Make an exact transcript of the lines in the data below, starting with the one containing "Flame King propane" and going on through the one containing "Yescom Drywall Stilts", with both included and the pictures left out.

--- Listed records Enclosed Below ---

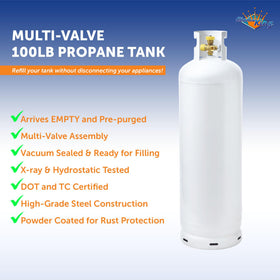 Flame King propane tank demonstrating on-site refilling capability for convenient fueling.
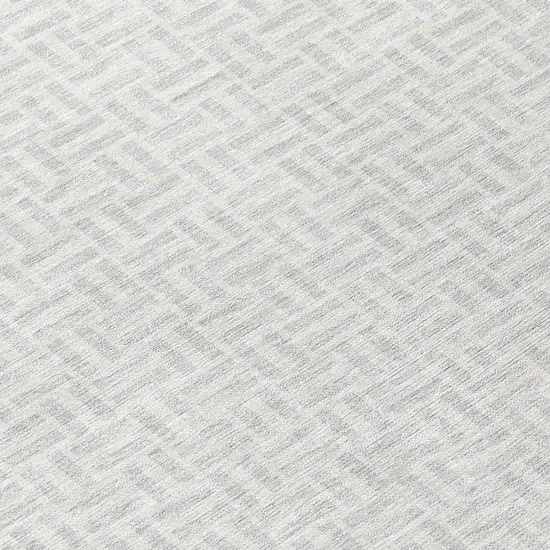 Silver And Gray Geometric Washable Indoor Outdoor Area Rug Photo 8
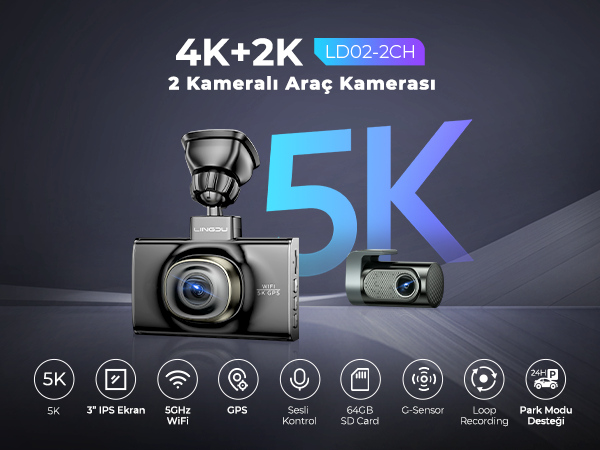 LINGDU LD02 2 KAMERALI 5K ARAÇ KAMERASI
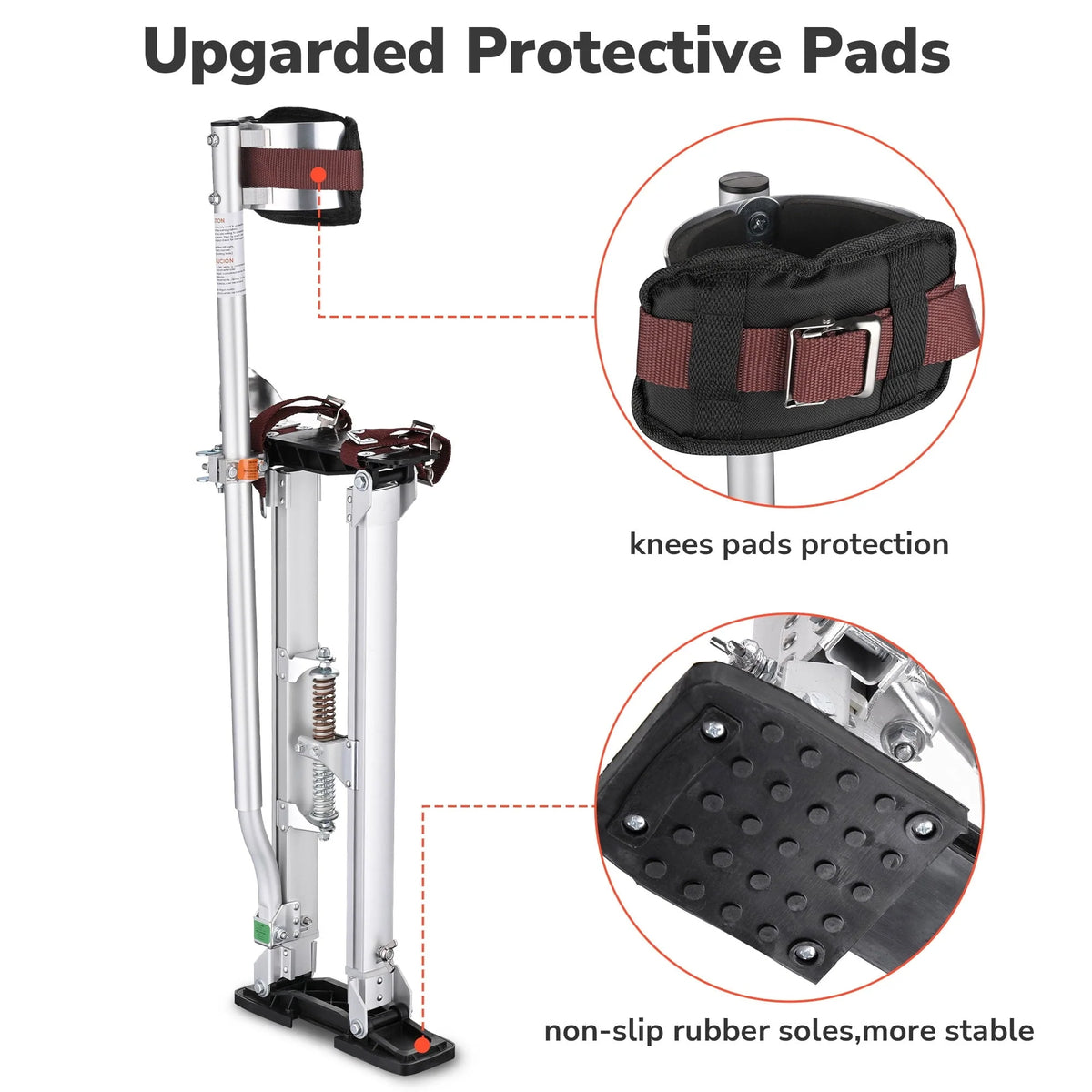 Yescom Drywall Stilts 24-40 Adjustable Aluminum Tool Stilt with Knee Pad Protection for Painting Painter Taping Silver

--- End of Enclosed Listed records ---
--- Listed records Enclosed Below ---

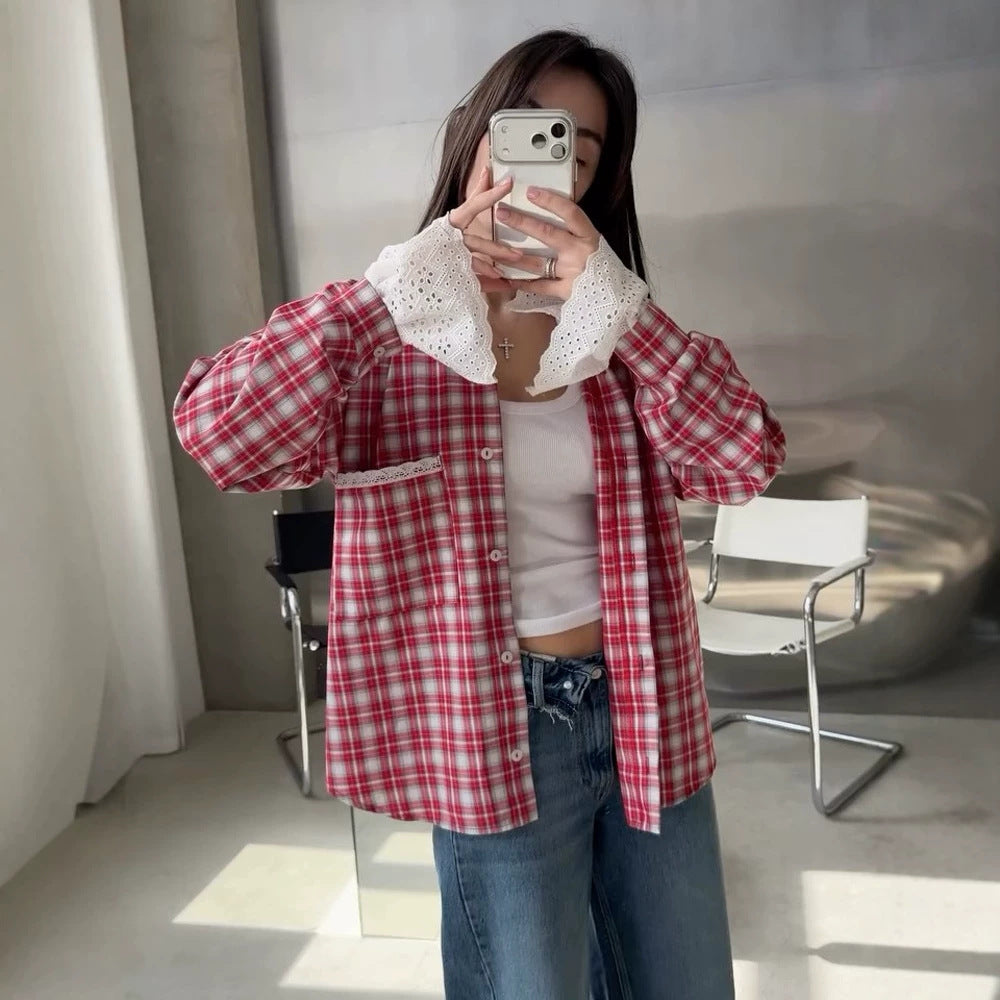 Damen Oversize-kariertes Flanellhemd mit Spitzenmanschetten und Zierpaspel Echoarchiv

--- End of Enclosed Listed records ---

## Answer to this task
 Flame King propane tank demonstrating on-site refilling capability for convenient fueling.
 Silver And Gray Geometric Washable Indoor Outdoor Area Rug Photo 8
 LINGDU LD02 2 KAMERALI 5K ARAÇ KAMERASI
 Yescom Drywall Stilts 24-40 Adjustable Aluminum Tool Stilt with Knee Pad Protection for Painting Painter Taping Silver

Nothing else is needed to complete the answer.